In short, what children in Baltimore — and throughout the nation — need is the kind of literacy instruction demanded by the Common Core reading standards. Because Common Core emphasizes both fiction and nonfiction reading and writing, as well as reading War and Peace and John Milton’s On Liberty, the standards — along with other reforms such as overhauling how we recruit and train aspiring teachers in reading as well as move away from jack-of-all-trades teaching at the elementary level — can help more kids become proficient in reading, and be able to write their own stories.  This isn’t to say Common Core’s reading standards are perfect; nothing crafted by human hands will ever achieve that rarefied strata.
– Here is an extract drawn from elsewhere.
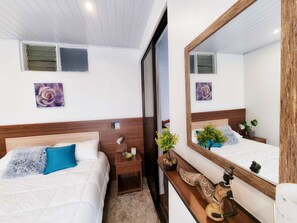 A hotel room with two beds, a wooden headboard, a mirror, a nightstand, a small table with a plant, and a wall-mounted artwork. - 714 Studios (San José)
But Common Core can help provide our kids, especially our young black men in Baltimore — with the challenging, college preparatory curricula they need in an increasingly knowledge-driven world. And this is something opponents of Common Core should keep in mind when they argue against implementing the standards. They should ask themselves: Can we really continue to deny children in Baltimore and other districts the knowledge they need to survive?